• _RECORDS_

==============================

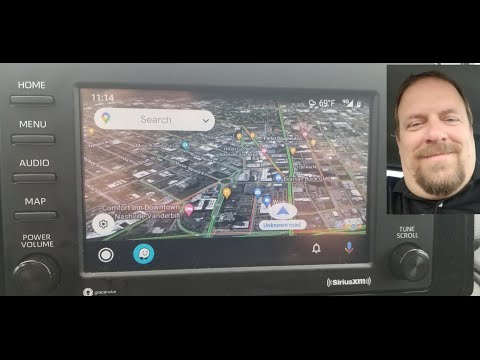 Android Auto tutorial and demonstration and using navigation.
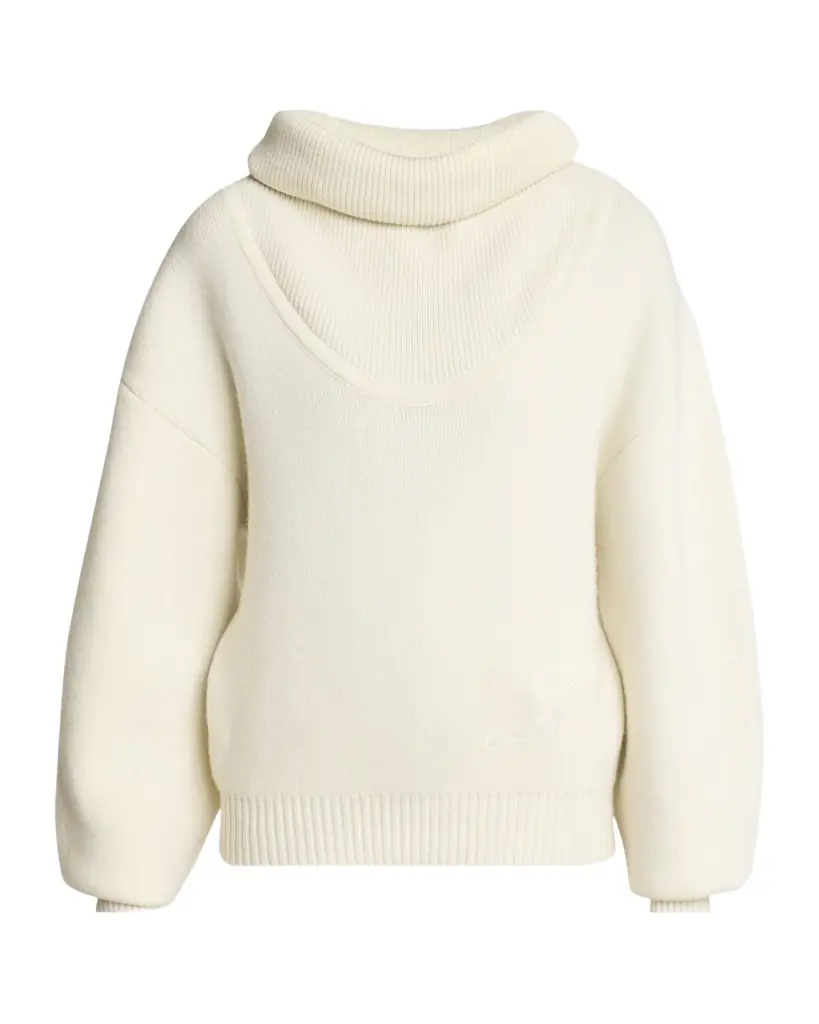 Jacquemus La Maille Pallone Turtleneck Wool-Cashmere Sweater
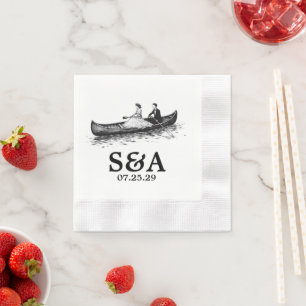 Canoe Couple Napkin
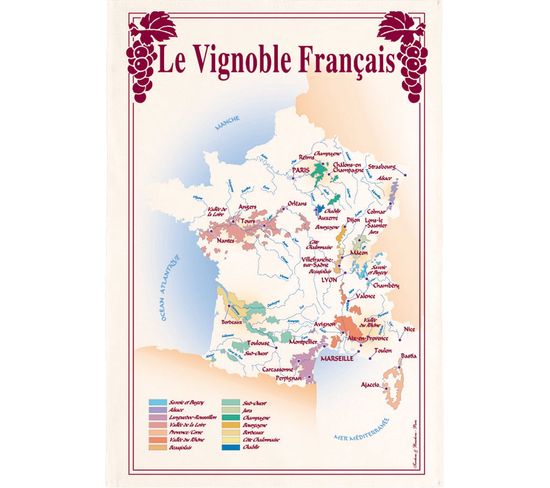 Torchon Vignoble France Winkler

==============================

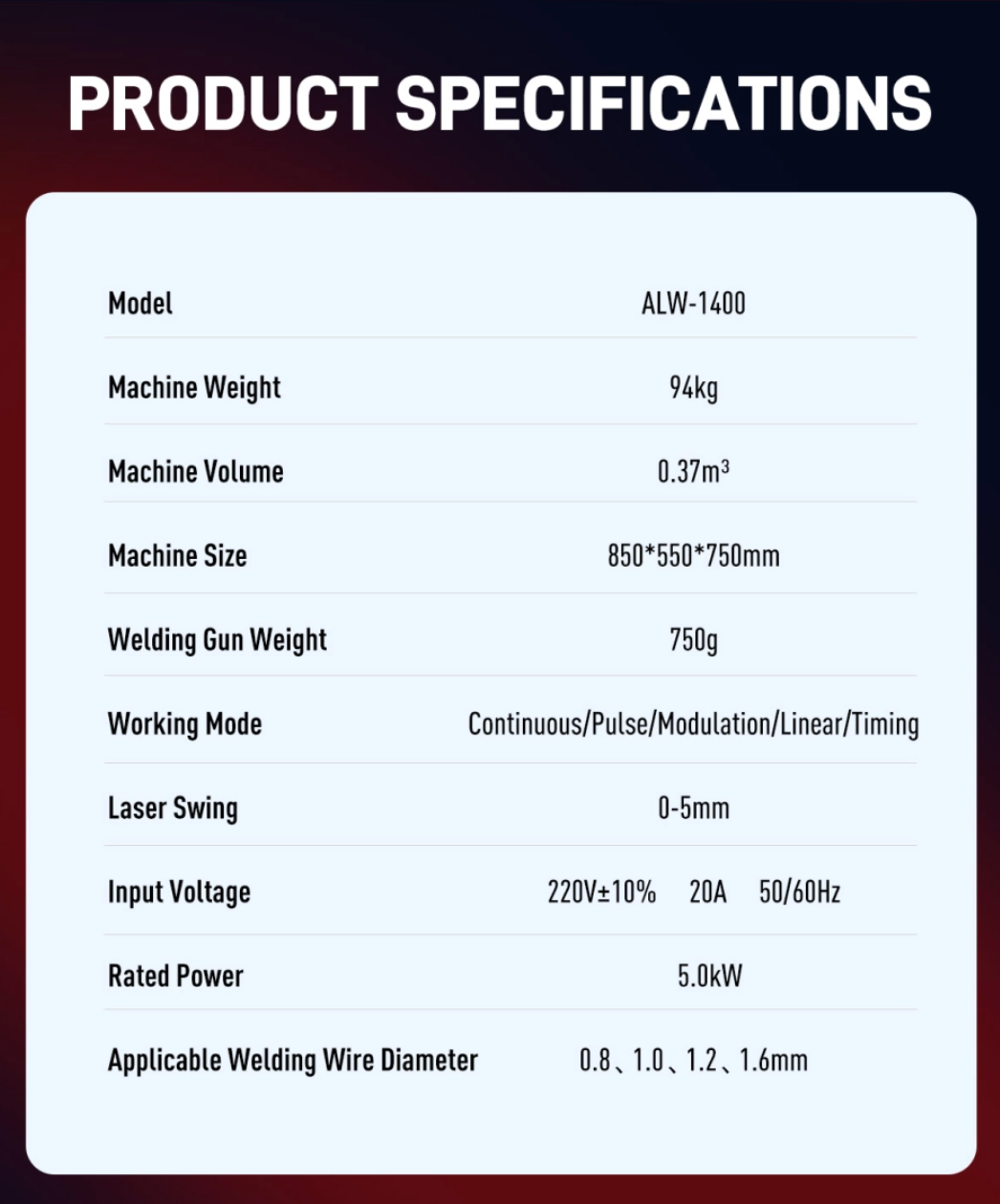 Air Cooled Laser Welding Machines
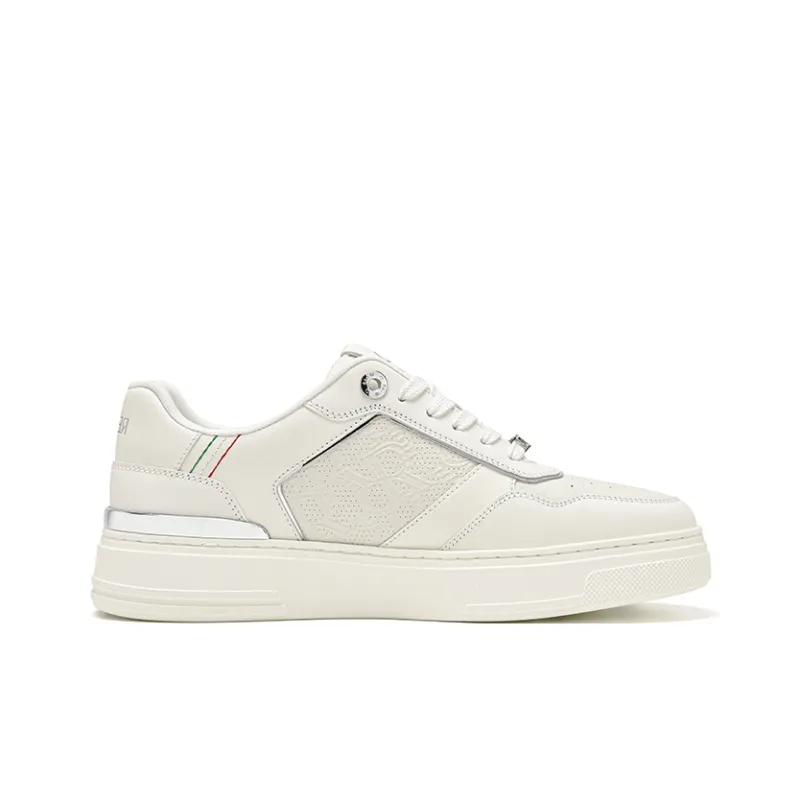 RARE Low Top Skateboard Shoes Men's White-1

==============================

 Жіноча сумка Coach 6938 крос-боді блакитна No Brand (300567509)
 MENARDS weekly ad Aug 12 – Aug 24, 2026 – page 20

==============================

• _TASK STATEMENT_
Could you restate word for word the lines above, from the one that contains "Жіноча сумка Coach" through the one that contains "MENARDS weekly ad", and no others?

• _ANSWER SECTION_
 Жіноча сумка Coach 6938 крос-боді блакитна No Brand (300567509)
 MENARDS weekly ad Aug 12 – Aug 24, 2026 – page 20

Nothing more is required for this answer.